An in-vitro osteoblastogenesis assay was carried out as described previously [19]. Briefly, primary osteoblast-like cells isolated from 1 day-old mice calvariae were seeded (5 × 104 cells/well in a 24-well plate) and cultured in α-MEM (Sigma-Aldrich) with 10 % FBS (Hana-Nesco Bio, Brisbane, Australia) and 100 U/ml penicillin, 100 μg/ml streptomycin (Sigma-Aldrich) containing 50 mg/ml ascorbic acid (Wako), 10 mM β-glycerophosphate (Sigma-Aldrich), and 10 nM dexamethasone (Sigma-Aldrich). Alkaline phosphatase (ALP) staining was performed on day 7 and von Kossa staining was performed on day 21 of culture, and the ALP-positive and von Kossa-positive areas were measured using an image analysis system (KS400; CarlZeiss, Jena, Germany), as described previously [19].
mRNA analyses
Primary osteoblast-like cells were cultured in the osteogenic medium as already described for the indicated days. Total RNA was isolated from culture in osteogenic medium using Trizol (Invitrogen) and was treated with DNase I (Invitrogen). cDNA was synthesized using PrimeScript II reverse transcriptase (Takara, Kyoto, Japan) according to the manufacturer’s instructions. Quantitative RT-PCR analysis was performed using SYBR Premix Ex Taq II (Takara) and a LightCycler 2.0 (Roche, Basel, Switzerland). For normalization, the expression of hypoxanthine guanine phosphoribosyl transferase (Hprt) was measured as an endogenous reference gene.

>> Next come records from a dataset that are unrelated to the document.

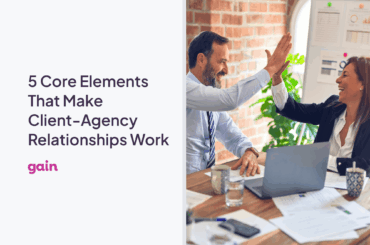 client agency relationship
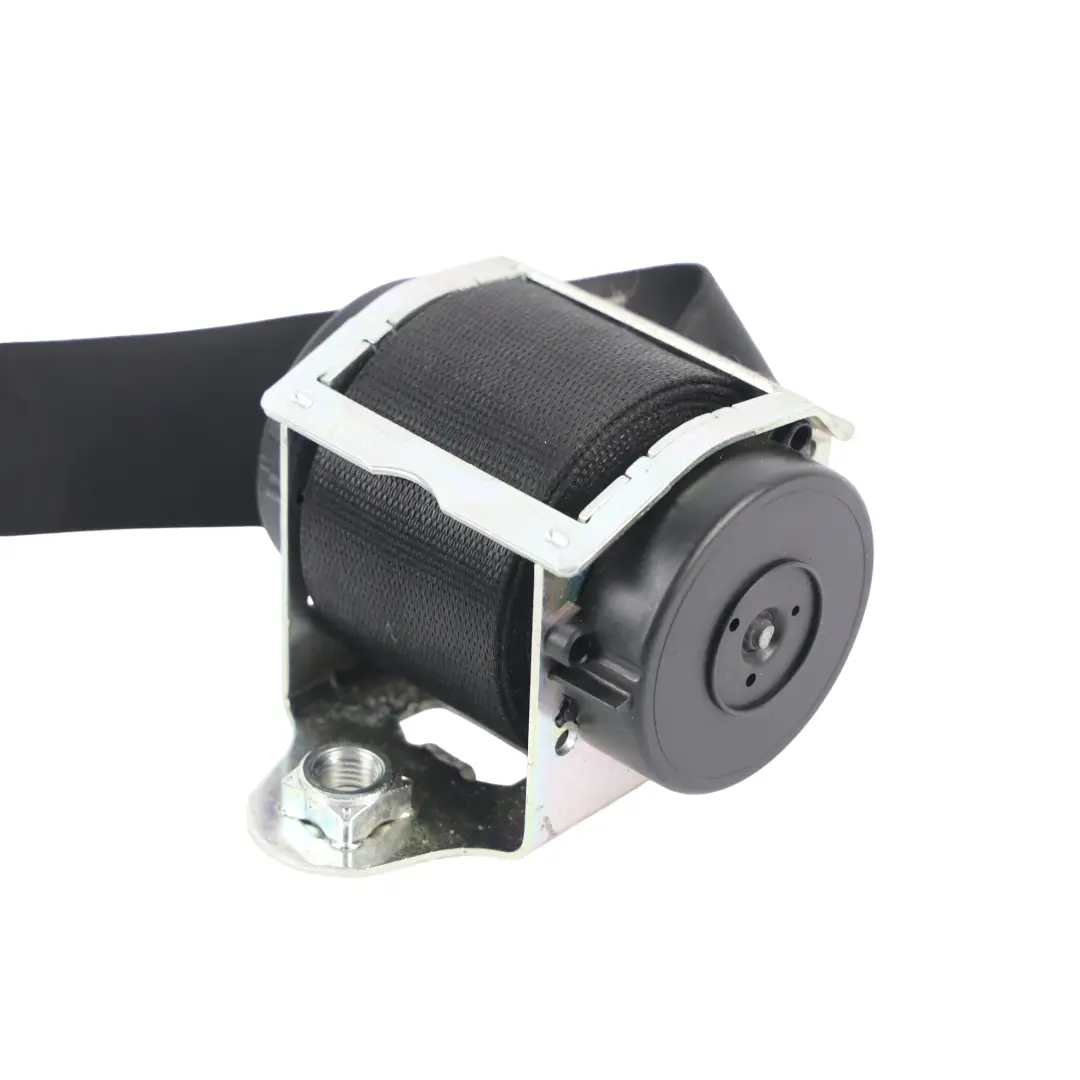 Pas Bezpieczeństwa Czarny Przedni Prawy do Mini Cooper S R52 Cabriolet o numerze 9147858 Mini Cooper S R52 Cabriolet Pas Bezpieczeństwa Czarny Przedni Prawy - SKU 9147858 - Numer Części 9147858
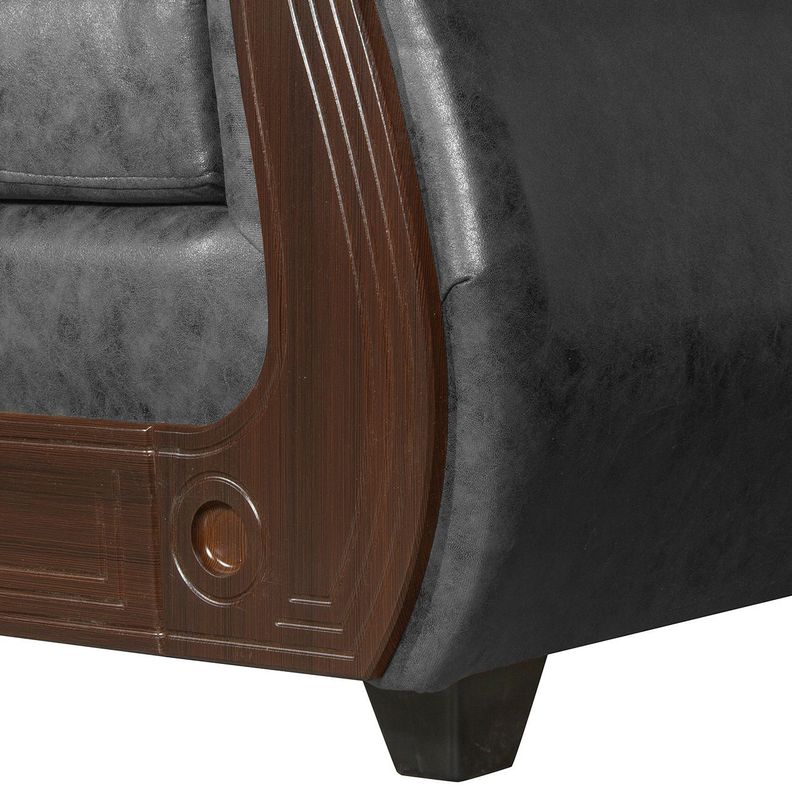 Juego de Living Estambul Gris Black Factory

The following primers specific for mouse were used: Hprt, sense 5′-CTT TGC TGA CCT GCT GGA TT-3′ and antisense 5′-TAT GTC CCC CGT TGA CTG AT-3′; Runx2, sense 5′-ACT GGC GGT GCA ACA AGA C-3′ and antisense 5′-CGG TAA CCA CAG TCC CAT CT-3′; Alp, sense 5′-GCA CCT GCC TTA CCA ACT CT-3′ and antisense 5′-TCA GGG CAT TTT TCA AGG TC-3′; and Bglap1/2 (ostocalcin), sense 5′-TAG TGA ACA GAC TCC GGC GCT ACC TT-3′ and antisense 5′-AGC TCG TCA CAA GCA GGG TTA AGC TC-3′. The relative levels of expression to cells maintained in α-MEM were calculated by the ΔΔCt method.
Induction of CIA
The induction and assessment of CIA were performed as described previously [20]. Briefly, male DBA/1J mice (7 weeks old, six mice per group; Charles River Laboratories Japan, Kanagawa, Japan) were injected intradermally at the base of the tail with 200 μg bovine type II collagen (Collagen Research Center, Tokyo, Japan) in 0.05 M acetic acid (Sigma-Aldrich) emulsified in complete Freund adjuvant (CFA; Difco, Detroit, MI, USA). Twenty-one days after the primary immunization, the mice were boosted in the same way. The day of the first immunization was designated day 0. The mice were provided food (MF; Oriental Yeast Company, Tokyo, Japan) and distilled water ad libitum, and were maintained under a 12-hour light/dark cycle. The experimental procedures were reviewed and approved by the Animal Care and Use Committee of Tokyo Medical and Dental University (Tokyo, Japan) (authorization number: 120217A, 130255A, and 14070A).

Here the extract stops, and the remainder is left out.